Since the earliest days of communication, clever minds have devised methods for enciphering messages to shield them from prying eyes. Today, cryptography has moved beyond the realm of dilettantes and soldiers to become a sophisticated scientific art—combining mathematics, physics, computer science, and electrical engineering. It not only protects messages, but it also safeguards our privacy. From email to banking transactions, modern cryptography is used everywhere. But does it really protect us? What took place was a discussion of cryptography’s far-reaching influence throughout history (from Julius Caesar’s reign to Julian Assange’s WikiLeaks), and the ways in which it—and our privacy—are constantly under assault today as threats lurk behind IP addresses, computational power increases, and our secrets move online.

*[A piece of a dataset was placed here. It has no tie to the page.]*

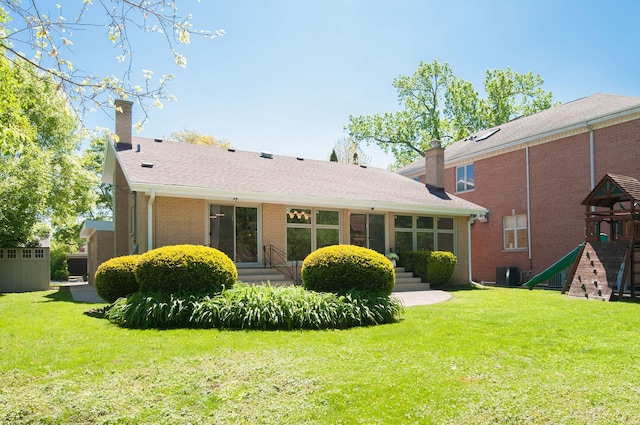 9140 Keystone Ave, Skokie, IL 60076 - rear view of property featuring a chimney, a playground, a yard, brick siding, and central AC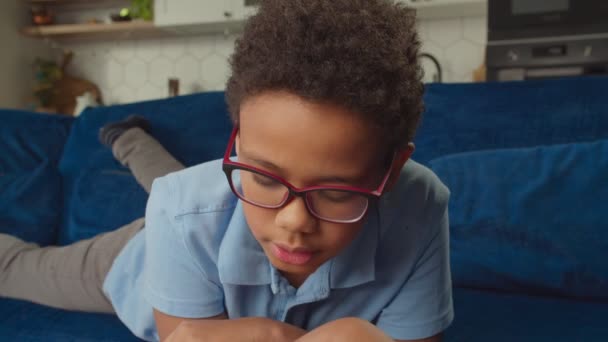 Έξυπνος εστιασμένος Αφρικανός μαθητής με γυαλιά που διαβάζει στον καναπέ. — Αρχείο Βίντεο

More from this series: Keeping Secrets
Josh Zepps is a correspondent for Bloomberg TV’s Energy Now, reporting on the future of energy and the environment. His show on Discovery Science Channel, Brink, took an irreverent look at the latest breakthroughs on the brink of changing our lives. His one-hour science specials continue to air on Discovery around the world.
In his native Australia, Josh Zepps earned radio’s highest prize, a Commercial Radio Award, for his syndicated daily radio sketches satirizing culture and politics. His new audio podcast, Fascinating Crap with Josh Zepps & Friends, takes a funny look at science and creativity. It is available for free on iTunes.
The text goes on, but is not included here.